┌──
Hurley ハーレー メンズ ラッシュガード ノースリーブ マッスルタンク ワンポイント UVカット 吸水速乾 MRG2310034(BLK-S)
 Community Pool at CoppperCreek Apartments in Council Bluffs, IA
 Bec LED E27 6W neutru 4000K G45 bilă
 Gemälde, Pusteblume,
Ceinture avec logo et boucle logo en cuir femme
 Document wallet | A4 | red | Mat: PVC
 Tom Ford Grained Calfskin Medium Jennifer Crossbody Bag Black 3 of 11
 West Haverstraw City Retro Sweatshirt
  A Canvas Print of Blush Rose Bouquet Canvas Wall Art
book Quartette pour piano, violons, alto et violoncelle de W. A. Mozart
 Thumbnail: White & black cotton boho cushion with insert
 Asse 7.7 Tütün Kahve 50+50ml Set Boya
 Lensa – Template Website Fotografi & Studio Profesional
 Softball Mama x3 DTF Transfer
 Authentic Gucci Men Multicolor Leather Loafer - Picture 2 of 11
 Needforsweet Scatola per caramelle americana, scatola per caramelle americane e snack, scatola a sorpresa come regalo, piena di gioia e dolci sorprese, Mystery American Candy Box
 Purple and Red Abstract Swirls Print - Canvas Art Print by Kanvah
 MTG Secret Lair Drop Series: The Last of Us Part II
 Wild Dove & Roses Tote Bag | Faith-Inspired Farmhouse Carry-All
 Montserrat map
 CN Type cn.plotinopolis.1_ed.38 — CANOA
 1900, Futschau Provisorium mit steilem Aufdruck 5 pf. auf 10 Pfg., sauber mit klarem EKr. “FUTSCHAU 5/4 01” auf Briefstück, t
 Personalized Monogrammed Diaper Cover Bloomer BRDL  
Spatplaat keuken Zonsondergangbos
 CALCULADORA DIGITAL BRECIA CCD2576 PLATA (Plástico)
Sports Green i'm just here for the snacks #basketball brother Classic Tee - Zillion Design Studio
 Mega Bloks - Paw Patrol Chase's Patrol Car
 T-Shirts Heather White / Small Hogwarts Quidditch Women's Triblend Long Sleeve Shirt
└──
- [Prompt]:
Whenever a line in the listing above includes the word "Print", return that line.

- [Your solution]:
  A Canvas Print of Blush Rose Bouquet Canvas Wall Art
 Purple and Red Abstract Swirls Print - Canvas Art Print by Kanvah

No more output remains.